[R] various R code maintenance (#1964)

* [R] xgb.save must work when handle in nil but raw exists * [R] print.xgb.Booster should still print other info when handle is nil * [R] rename internal function xgb.Booster to xgb.Booster.handle to make its intent clear * [R] rename xgb.Booster.check to xgb.Booster.complete and make it visible; more docs * [R] storing evaluation_log should depend only on watchlist, not on verbose * [R] reduce the excessive chattiness of unit tests * [R] only disable some tests in windows when it's not 64-bit * [R] clean-up xgb.DMatrix * [R] test xgb.DMatrix loading from libsvm text file * [R] store feature_names in xgb.Booster, use them from utility functions * [R] remove non-functional co-occurence computation from xgb.importance * [R] verbose=0 is enough without a callback * [R] added forgotten xgb.Booster.complete.Rd; cran check fixes * [R] update installation instructions
2017-01-21 13:22:46 -06:00
parent a073a2c3d4
commit 2b5b96d760
27 changed files with 561 additions and 327 deletions
--- a/R-package/R/xgb.importance.R
+++ b/R-package/R/xgb.importance.R
@@ -1,102 +1,92 @@
-#' Show importance of features in a model
+#' Importance of features in a model.
 #' 
-#' Create a \code{data.table} of the most important features of a model. 
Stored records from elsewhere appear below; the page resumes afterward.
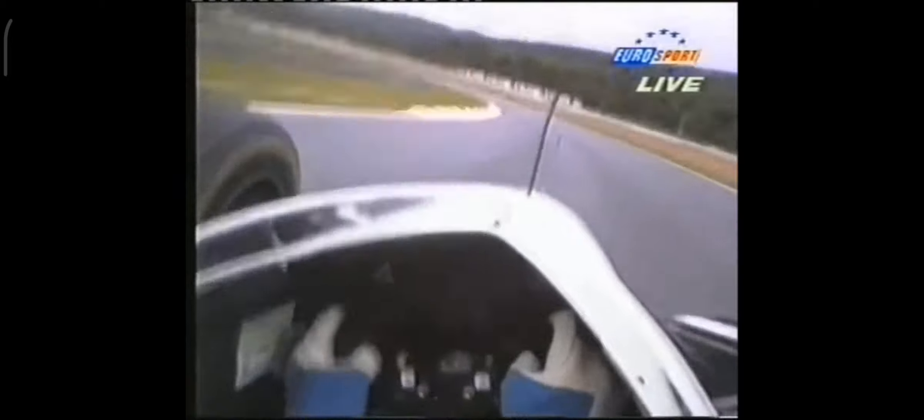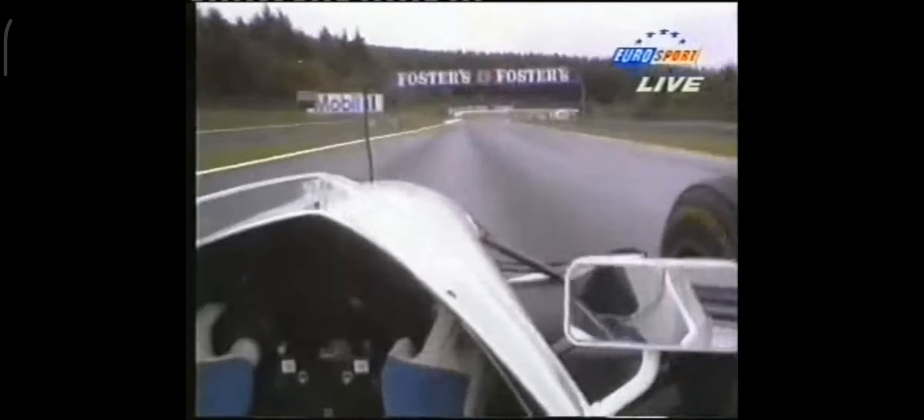All the way down through Pouhon, you pick up the throttle shortly after the apex. And what we saw happen on Friday afternoon — the beginnings of a dry line appearing. But really, much too late in the proceedings now to have any effect on the final outcome of the grid. And still no sign of either Jordan on the track.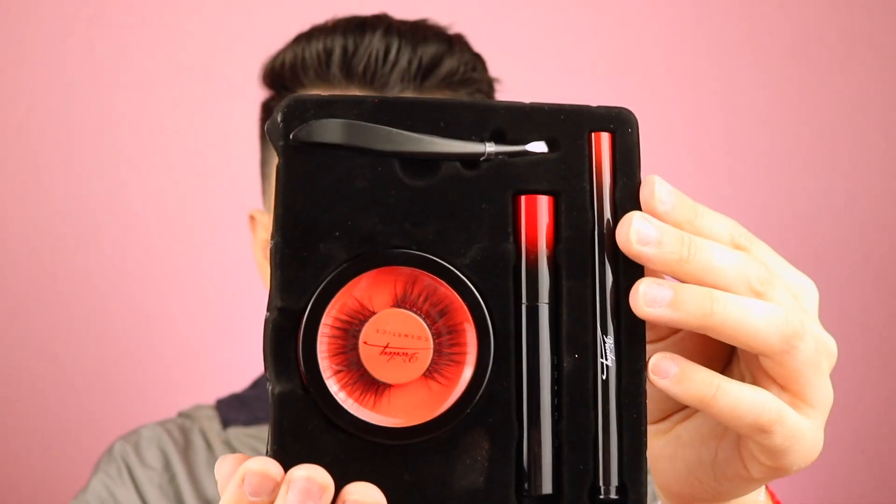They actually have multiple styles online. I picked what I thought was the most dramatic and my most favorite — this is the style Diamond. Look how cute this is, I love the velvet. Can we just get a look at this? That is so cute. It actually comes with three pairs of lashes. Shake the eyeliner before you use it and push down the tip to activate it. Then shake the mascara.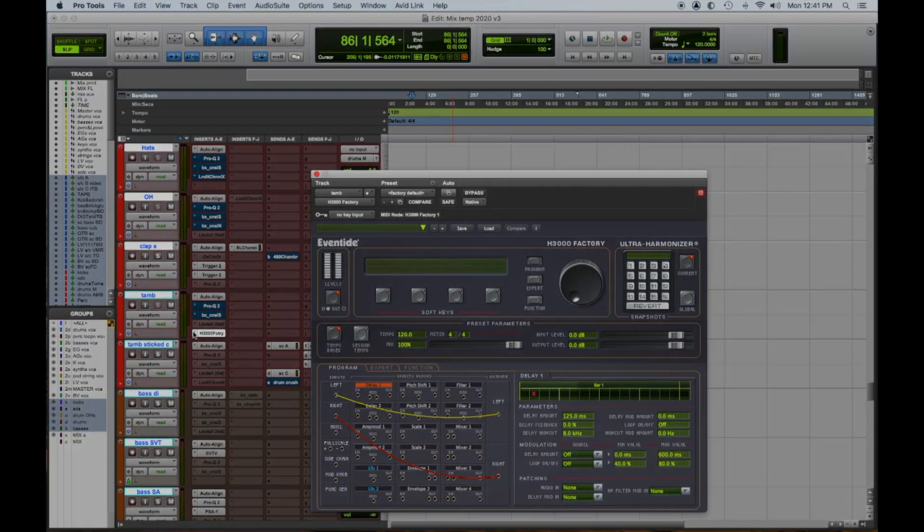Number two: the Eventide H3000 plugin — I think they call it H3000 Factory. Imagine all the great things and versatility of the H3000 rack in a plugin. We had one; it was wonderful, but they don't even make parts to fix it anymore. So we jumped, kind of begrudgingly, to the plugin, and I use it all the time — the Eventide H3000.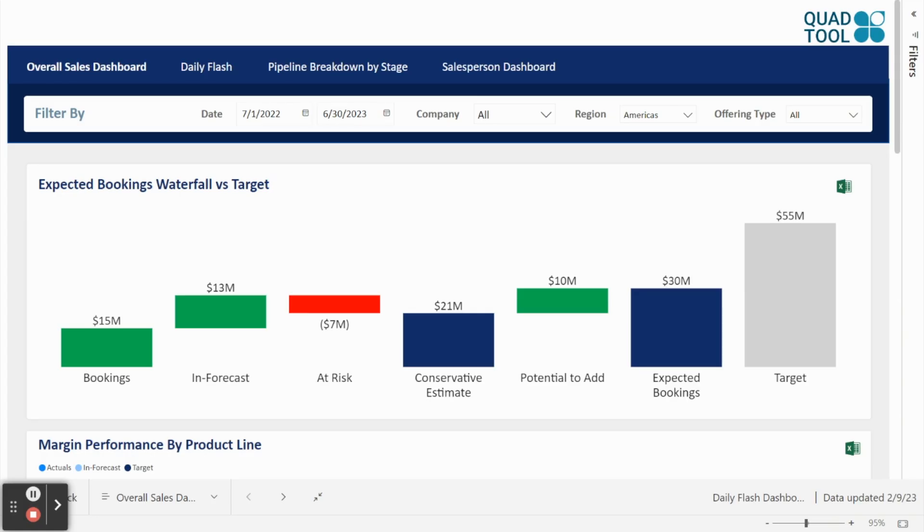Now let's switch over to the dashboard itself and take the example of revenue, showing a few of the views that we were able to build to monitor sales performance. Taking the example of bookings and revenue, we wanted to see how we were tracking against bookings. As such, we built a view that shows how much we've booked, how much is in forecasts, what was at risk, and how all of this tracked against the overall target. In all of these views, we're able to see exactly what projects make up each category, and we're able to filter all the visuals based on date, company — in cases where you may have portfolio companies with separate targets — region, and offering type.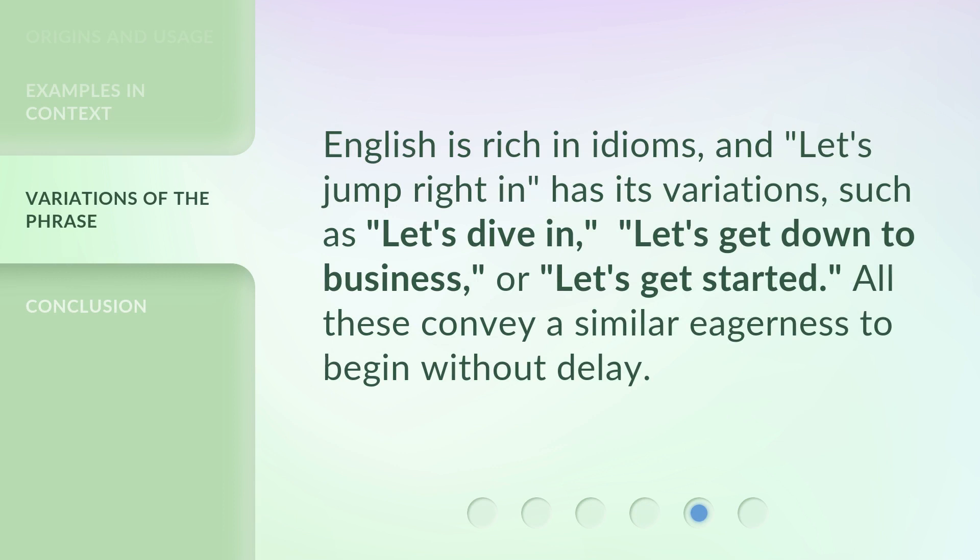English is rich in idioms, and "let's jump right in" has its variations, such as "let's dive in," "let's get down to business," or "let's get started." All these convey a similar eagerness to begin without delay.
+#' Creates a \code{data.table} of feature importances in a model.
 #' 
-#' @param feature_names names of each feature as a \code{character} vector. Can be extracted from a sparse matrix (see example). If model dump already contains feature names, this argument should be \code{NULL}.
-#' @param model generated by the \code{xgb.train} function.
-#' @param data the dataset used for the training step. Will be used with \code{label} parameter for co-occurence computation. More information in \code{Detail} part. This parameter is optional.
-#' @param label the label vector used for the training step. Will be used with \code{data} parameter for co-occurence computation. More information in \code{Detail} part. This parameter is optional.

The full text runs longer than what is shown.